The private albergues were expectedly nicer, averaging 10€ a night, and they often had private showers, washers and dryers, and sometimes even WiFi. These were a real treat after a long, hard 30km slog of a day.

Both required you to present your pilgrim passport and some ID before checking in, and they usually only let you stay for one night. Sometimes there would be a spartan kitchen for burning making spaghetti in or some exterior sinks and clotheslines for washing your stinky hiking clothes. Lights-out was at 10pm (rarely 11pm), and you had to be out no later than 8 or 9am.

How did you wash your clothes?

I was most concerned about this annoying logistical problem before beginning the walk, but it wasn’t that big of a deal. While showering with my all-in-one shampoo and body wash gel (gotta love men’s toiletries…), I drizzled some soap onto my shorts or my shirt, worked it up to a lather, and rinsed the clothes off in the shower stream. Many albergues had dedicated sinks or basins to do your laundry in, but I found it most convenient to get the dirt out all at once in the shower. Then I would simply hang-dry my items on a clothesline provided by the pilgrim hostel.

What kind of shoes did you wear?

When I first got interested in hiking the Camino, I stumbled upon this blog written by a guy who walked the entire length of the pilgrimage in Vibram FiveFingers—minimalist “barefoot”-style gloves for your feet with Vibram rubber soles. I had always been uneasy about clomping around in massive hiking boots and worrying about washing wool socks, etc., so I was fascinated that it was humanly possible to do the Camino in FiveFingers. I loved the ones I already had (TrekSport), so I began practicing with them to build up the muscles in my feet and legs. Additionally, I exclusively wore flat-soled Vans and Converses to strengthen my feet.

For most of the hike, they were extremely comfortable and actually a lot of fun to wear, whether crawling over rocks or splashing through muddy streams. However, my feet tended to wear out past the 20km mark, and in Santiago, I was so sore that I was hobbling around the city in my flip flops. Also, the whole not-wearing-socks thing meant this repulsive stank developed inside the shoes, and although washing them in the shower helped, they were rarely dry by the morning. Still, I only got a single blister on my right foot.
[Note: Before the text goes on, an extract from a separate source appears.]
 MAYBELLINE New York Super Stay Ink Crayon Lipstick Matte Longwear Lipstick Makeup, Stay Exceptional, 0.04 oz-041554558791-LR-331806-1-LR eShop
I have no regrets about the footwear I chose—it was kind of fun getting lots of weird looks and giggles my way—but Trevor the Ten-Toed Texan would wear some kind of trainers or hiking shoes with socks the next time. I heard great things from my hiking friend Rosie about anti-blister 1,000 Mile Socks, so I’ll have to look into them. To be honest, I wouldn’t recommend VFFs for the Camino, but I nevertheless enjoyed the experience I had in them.

Tell me about the certificate (compostela).
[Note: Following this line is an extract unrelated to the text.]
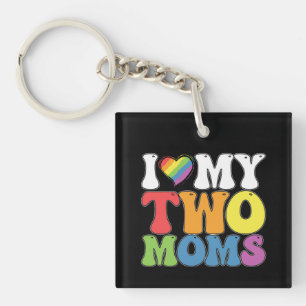 Fierté LGBT J'aime mes deux mamans Gay Lesbienne S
When you go to the Pilgrims Office in central Santiago to pick up your certificate that proves you hiked the Camino, you have to fill out your personal details on this form. One of the boxes you have to tick is motivación; i.e., why did you do it? Checking the boxes for religión and religión y otros will merit you a compostela, or a fancy, Latin-language certificate in red and black ink that states you piously came to Santiago to regard the tomb of St. James.

If you didn’t do the Camino for any spiritual reasons at all (otros), they will still give you a certificado, a simple document that welcomes you to the cathedral and is just as much proof of having walked it as the compostela is.

Would you do it again?

Even though I only walked 115km, it was just enough to get the compostela to say “I did it.” So it’s officially off the bucket list, and I could die happy without regretting not having walked the Camino when I had the chance.

But there’s still 700 more kilometers of the pilgrimage I haven’t walked, and I would love to go back one day, start in St-Jean-Pied-de-Port in the French Pyrenees, and walk the camino francés through the beauty of Navarra and La Rioja, across the plains of Castilla, over the mountains of Bierzo, and into Galicia where Santiago lies. It would be a good five-week journey, that’s for sure, but it would be an immensely satisfying experience to go the whole way from “start” to finish.